The Attorney General’s Office and the army took Eduardo Arellano Félix, 64, into custody at the Brownsville-Matamoros International Bridge at 5:15 p.m. Monday, the former said in a statement.

A federal judge had issued a warrant for his arrest on charges of organized crime, drug trafficking and criminal association.

Arellano, who was detained in Tijuana in 2008 after a shootout and extradited to the United States in 2012, was transferred from Tamaulipas to the Altiplano maximum security prison in México state.

After his release from a prison in Allentown, Pennsylvania, last Tuesday and prior to his deportation to Mexico, the former financial operator for the notoriously violent Tijuana Cartel – also known as the Arellano Félix organization – was held in the custody of U.S. Immigration and Customs Enforcement.

Arellano Félix at his arrest in Tijuana in 2008.
Arellano Félix at his arrest in Tijuana in 2008.

Nicknamed “El Doctor,” he spent less than 10 years in jail in the United States even though he was sentenced to 15 years imprisonment after pleading guilty to money laundering charges. He qualified for early release as a result of his cooperation with U.S. authorities, who indicted him on drug trafficking and laundering charges in 2003 and offered a reward of up to US $5 million for his capture.

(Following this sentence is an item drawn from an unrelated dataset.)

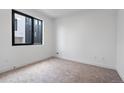 Bright bedroom with a large window offering plenty of natural light and neutral color palette at 1252 Yates St, Denver, CO 80204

Arellano Félix became leader of the Tijuana Cartel in 2006 after his younger brother, Francisco Javier Arellano Félix, was captured by U.S. authorities while fishing in international waters off the coast of Baja California Sur. However, he subsequently ceded the leadership to a nephew.

Arellano Félix was the last of four brothers to be killed or sent to prison in connection with the Tijuana Cartel’s illicit activities.

The organization – which was founded in the late 1980s and continues to operate in alliance with other cartels – smuggled hundreds of millions of dollars’ worth of narcotics into the United States at the height of its power, Reuters said.

“… It’s a criminal organization whose capacities have been reduced but it hasn’t disappeared,” said security analyst Javier Oliva Posada.

He told the newspaper La Jornada before Arellano Félix’s deportation to Mexico that his release “could generate an increase in violence” if he decides to rejoin the ranks of the Tijuana Cartel.

Veteran journalist José Reveles said the cartel appears now to have an alliance with the Jalisco New Generation Cartel, which is generally considered Mexico’s most powerful criminal organization.

“It’s a territorial alliance that only has effect in the [Baja California] peninsula,” he said.